With pictures removed, output every record below exactly as written.
————————
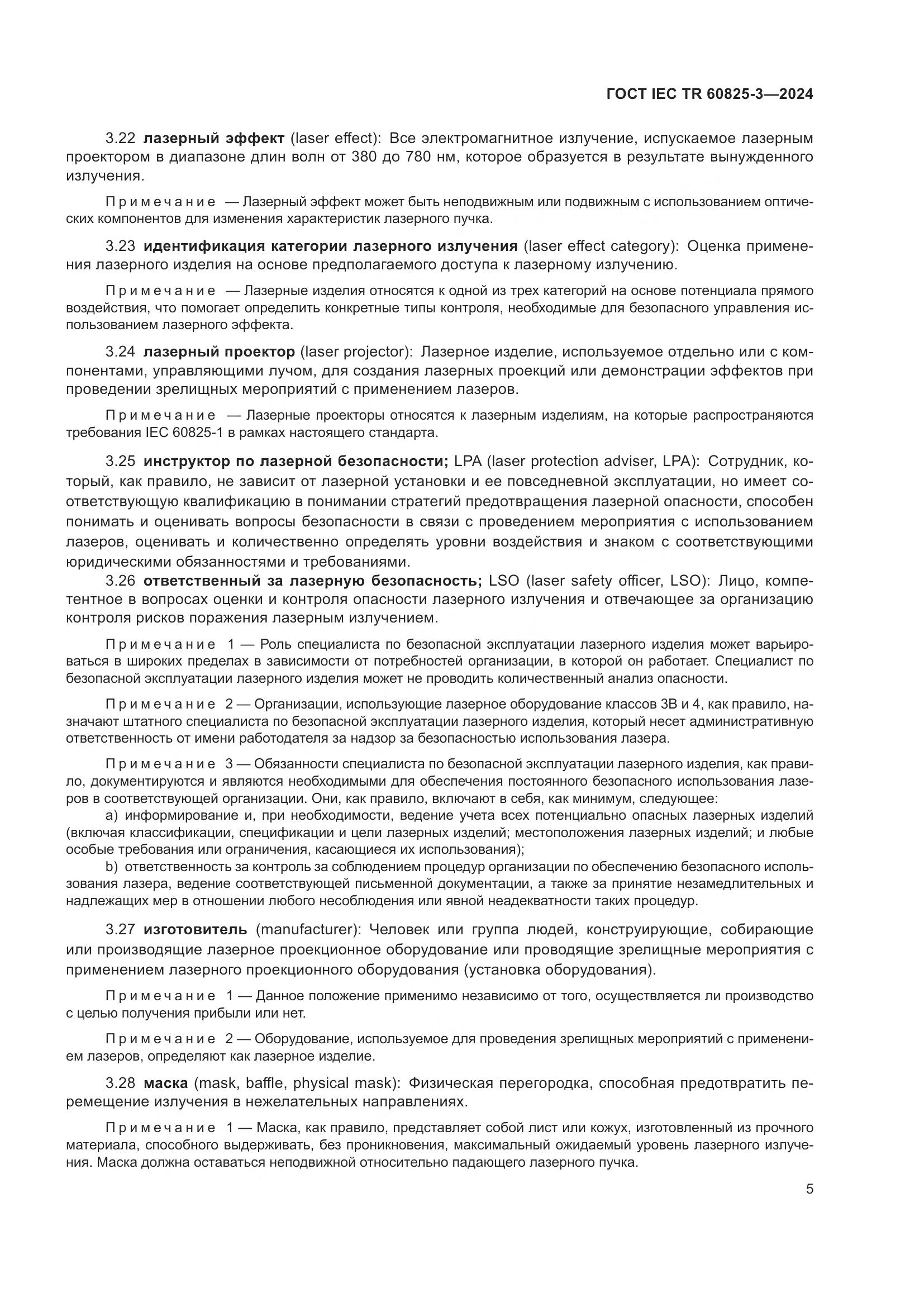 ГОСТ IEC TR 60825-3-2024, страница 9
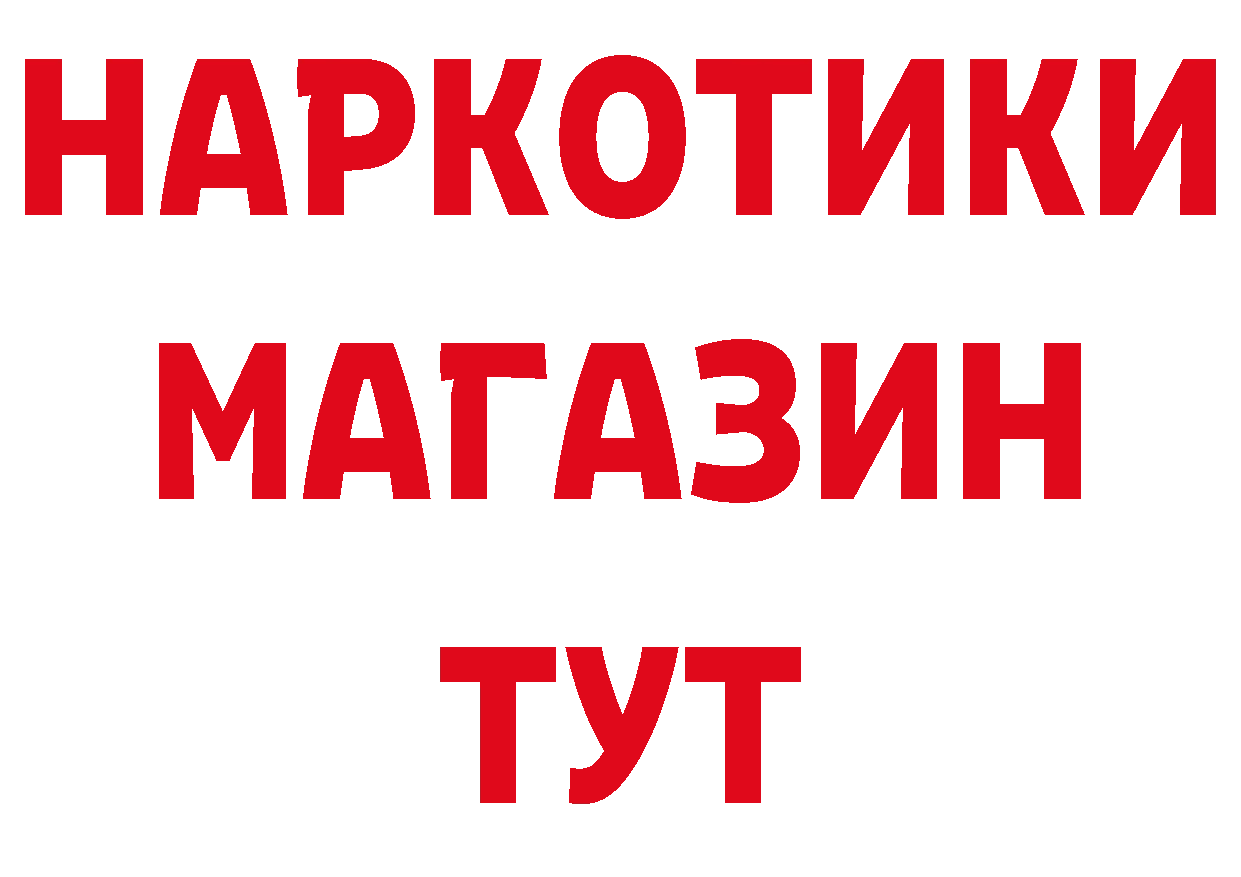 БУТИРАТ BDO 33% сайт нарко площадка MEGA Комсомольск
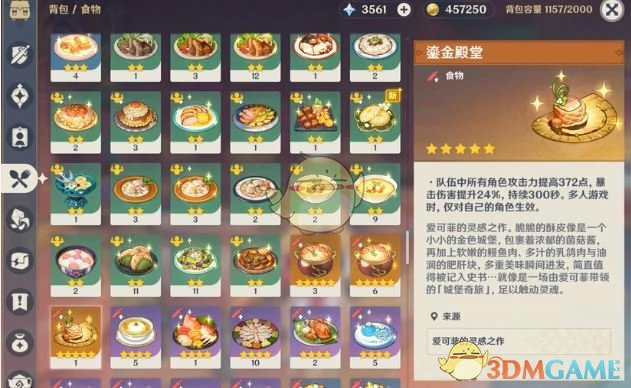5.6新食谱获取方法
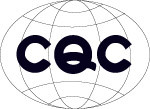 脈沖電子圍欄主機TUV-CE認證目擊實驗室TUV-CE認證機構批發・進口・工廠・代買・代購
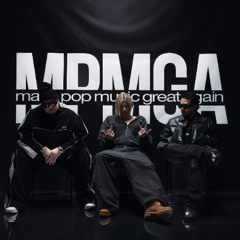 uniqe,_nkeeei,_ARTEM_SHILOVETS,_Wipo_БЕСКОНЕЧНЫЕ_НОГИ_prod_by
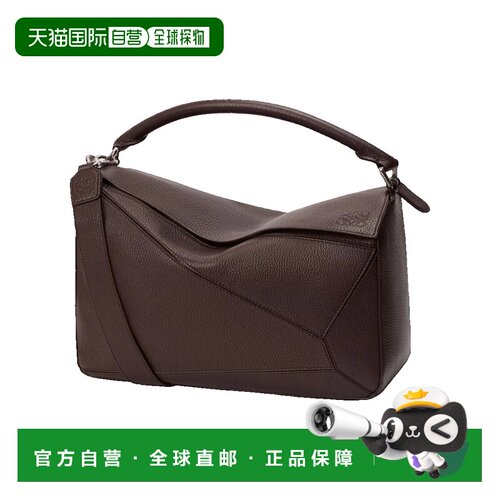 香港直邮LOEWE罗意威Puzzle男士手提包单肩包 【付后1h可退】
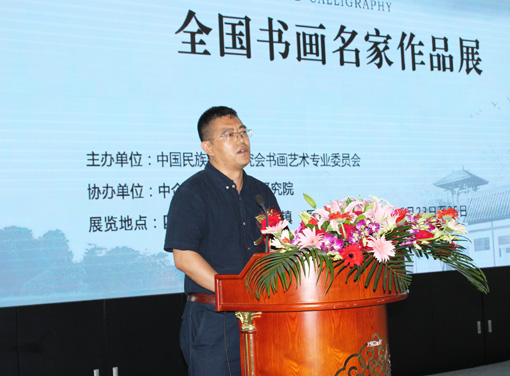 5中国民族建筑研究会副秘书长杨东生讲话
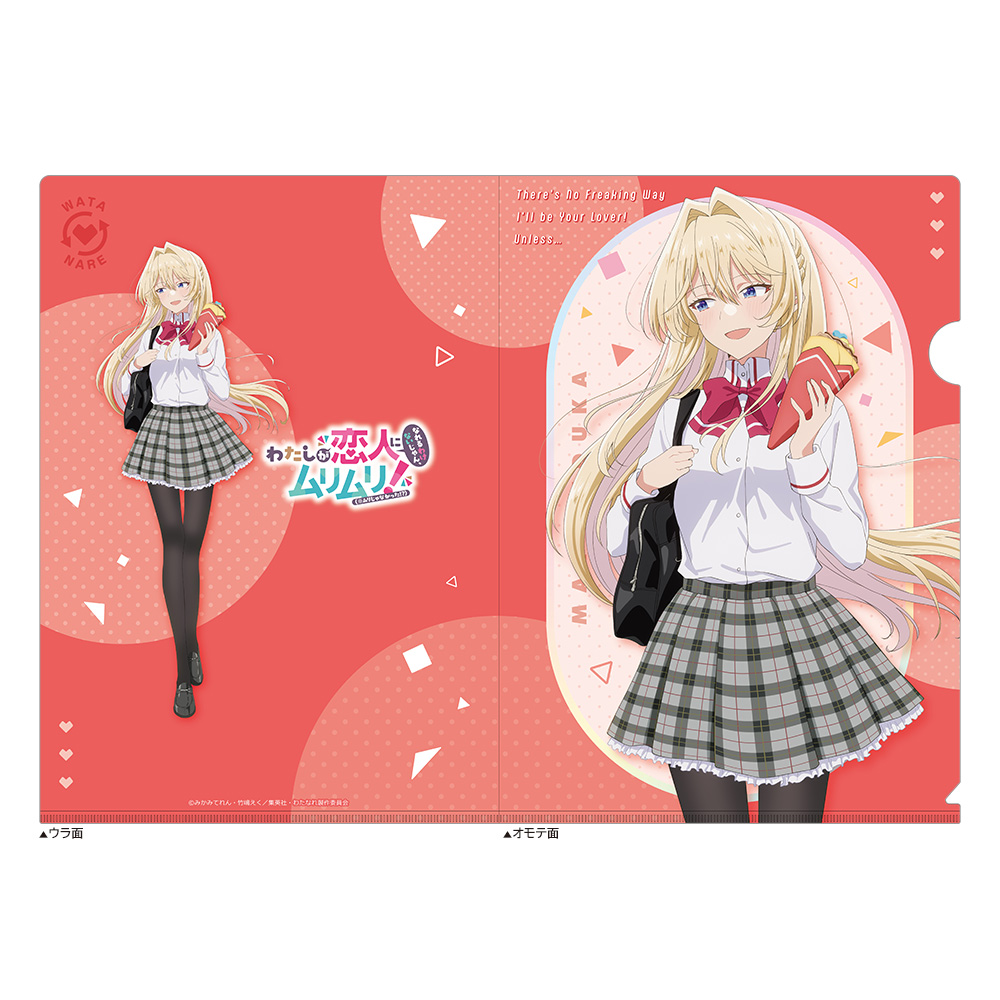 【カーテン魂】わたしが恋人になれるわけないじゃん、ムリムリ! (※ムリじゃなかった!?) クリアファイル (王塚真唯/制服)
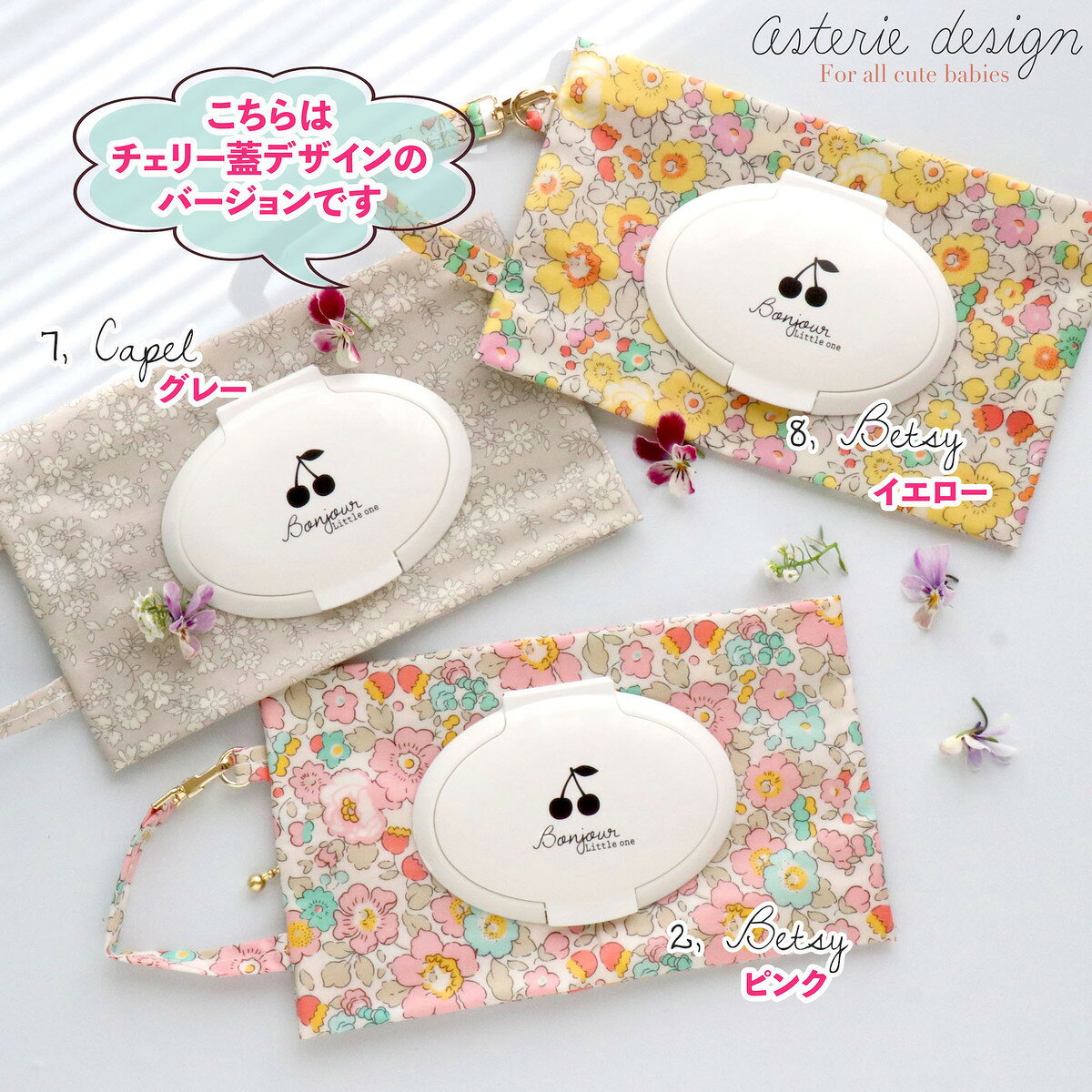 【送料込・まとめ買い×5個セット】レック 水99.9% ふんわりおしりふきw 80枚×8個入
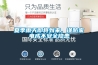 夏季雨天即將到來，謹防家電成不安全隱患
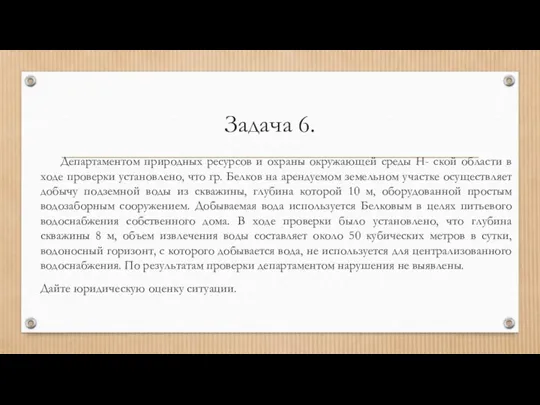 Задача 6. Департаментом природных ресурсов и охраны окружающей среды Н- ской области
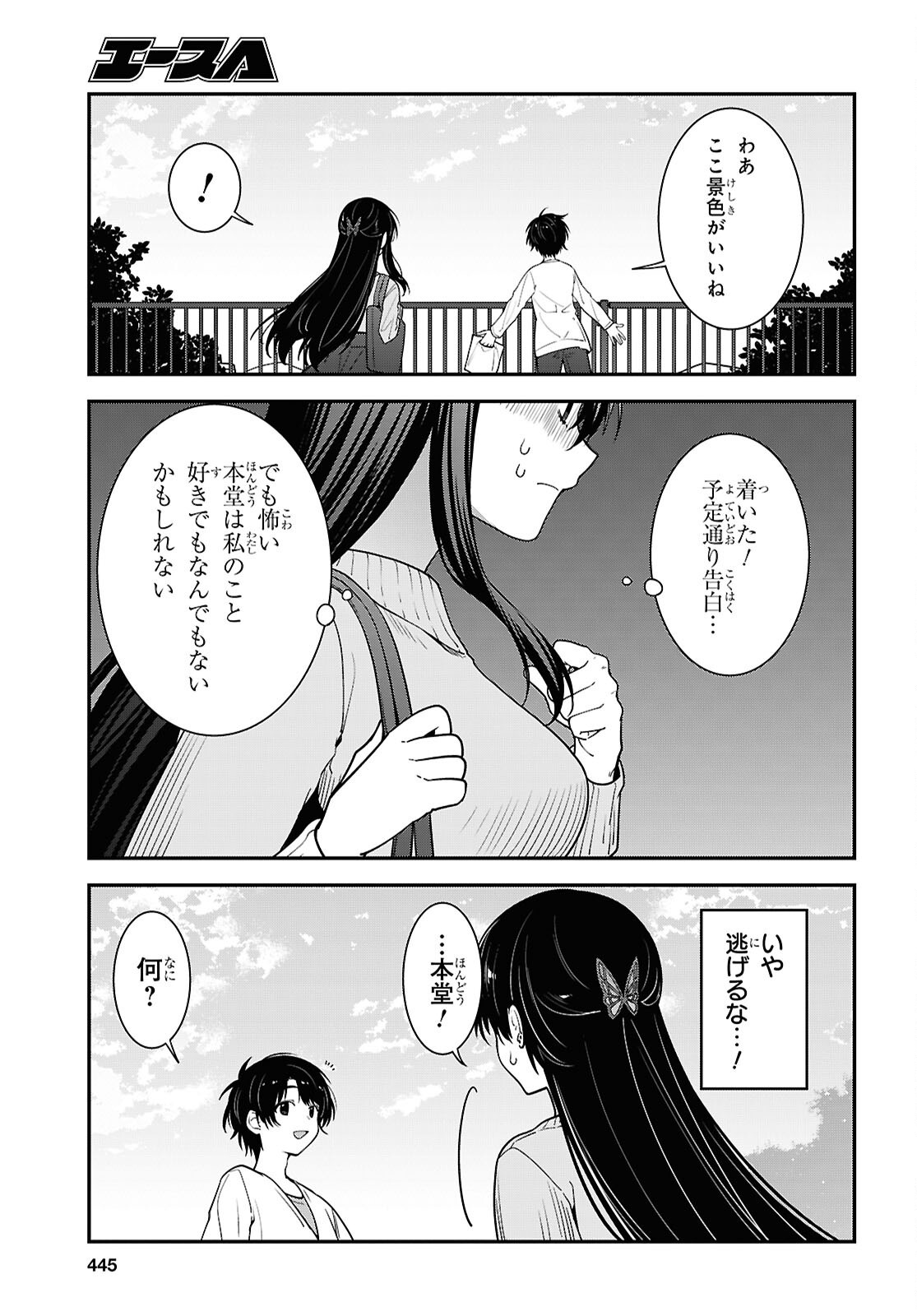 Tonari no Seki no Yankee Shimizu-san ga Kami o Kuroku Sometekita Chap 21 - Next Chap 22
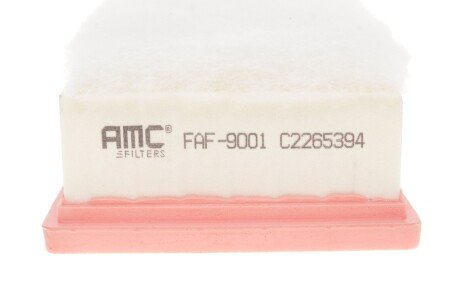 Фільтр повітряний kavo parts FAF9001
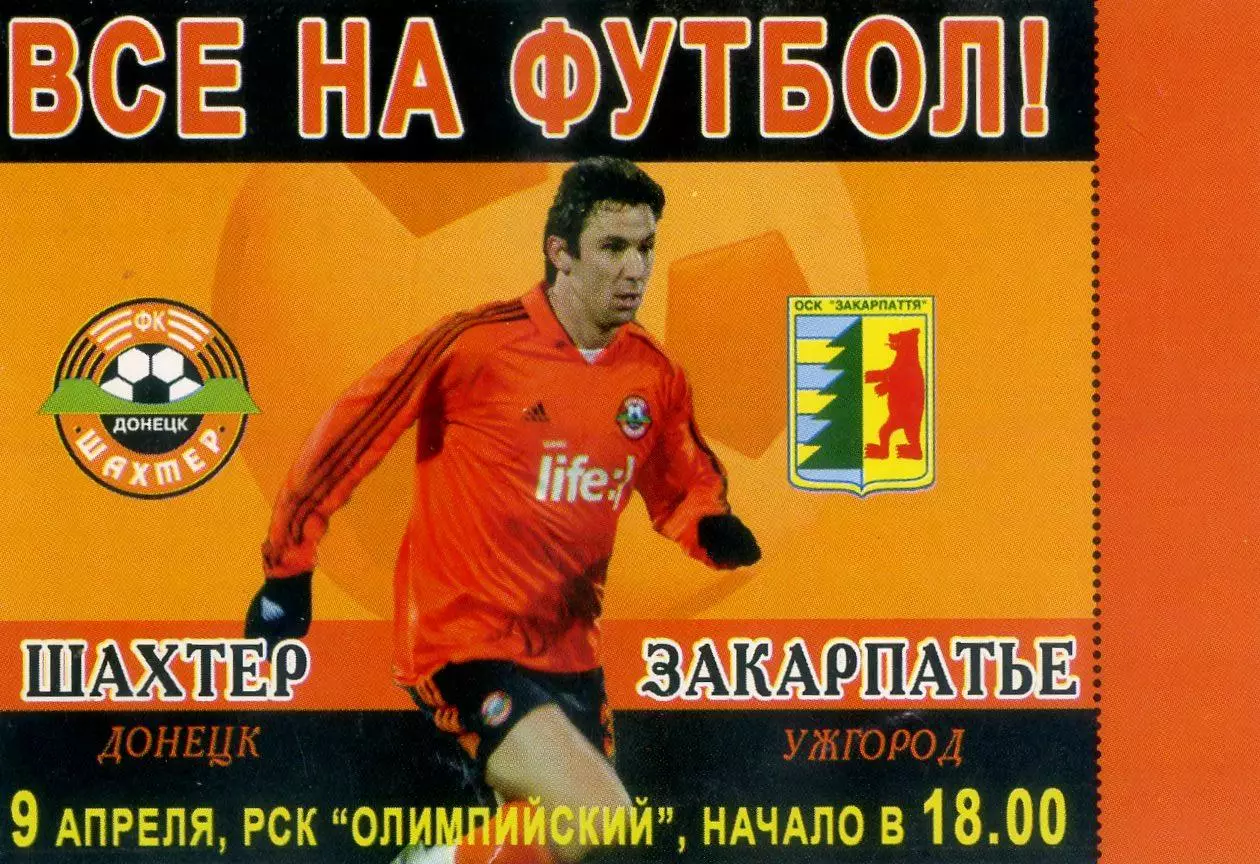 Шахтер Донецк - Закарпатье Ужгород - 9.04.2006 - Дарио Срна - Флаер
————————
▶ [Result of this task]
 ГОСТ IEC TR 60825-3-2024, страница 9
 БУТИРАТ BDO 33% сайт нарко площадка MEGA Комсомольск
5.6新食谱获取方法
 脈沖電子圍欄主機TUV-CE認證目擊實驗室TUV-CE認證機構批發・進口・工廠・代買・代購
 uniqe,_nkeeei,_ARTEM_SHILOVETS,_Wipo_БЕСКОНЕЧНЫЕ_НОГИ_prod_by
 香港直邮LOEWE罗意威Puzzle男士手提包单肩包 【付后1h可退】
 5中国民族建筑研究会副秘书长杨东生讲话
 【カーテン魂】わたしが恋人になれるわけないじゃん、ムリムリ! (※ムリじゃなかった!?) クリアファイル (王塚真唯/制服)
 【送料込・まとめ買い×5個セット】レック 水99.9% ふんわりおしりふきw 80枚×8個入
 夏季雨天即將到來，謹防家電成不安全隱患
 Задача 6. Департаментом природных ресурсов и охраны окружающей среды Н- ской области
 Tonari no Seki no Yankee Shimizu-san ga Kami o Kuroku Sometekita Chap 21 - Next Chap 22
 Фільтр повітряний kavo parts FAF9001
 Шахтер Донецк - Закарпатье Ужгород - 9.04.2006 - Дарио Срна - Флаер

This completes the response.